Yes, absolutely, and the article addresses precisely that point. But the questions graph shows a drop of about 40% at exactly the point in time when ChatGPT launches, which is much too extreme to explain away like that.

1 comments

Except the graph cuts off before 2023, so it tells us nothing about the actual effect it had, it cherry picked the initial drop off (or worse, they just used https://insights.stackoverflow.com/trends, didn't even look at the time axis, and went "this proves our point").

It's Q3 of 2023, if you're going to argue a decline, why are you not looking at the most important three quarters of data?

No it doesn't - note the axis marks are every two years.
Ah, true.

That said, some of these are going back up. Java and C#, for instance, are clearly trending up again, as is Swift. Python's down, but by 10%ish, not 40%. And JS is down a lot but that's the one language you'd expect ChatGPT to actually be the best at "helping" with, given that it's the web's own programming language, so it being trained disproportionately more on JS than anything else would be hardly surprising.

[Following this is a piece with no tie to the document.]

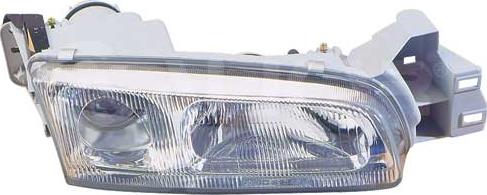 Alkar 2702538 - Projecteur principal droxauto.com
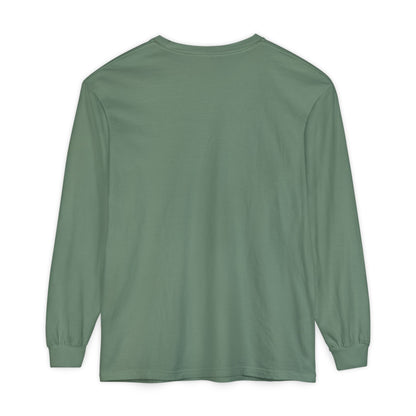 Gort logo Long sleeve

And then there's languages for which ChatGPT might as well not exist: Lisp, Go, Rust, etc. Heck, if we were to look at Rust, for instance, ChatGPT did literally nothing. Its rise has been, and continues to be, meteoric. And if we look at arduino questions, you might even conclude that ChatGPT was a factor in driving people to Stackoverflow, not away from it.

Data science is hard, and certainly much harder than most folks (especially those with a programming background) think it is.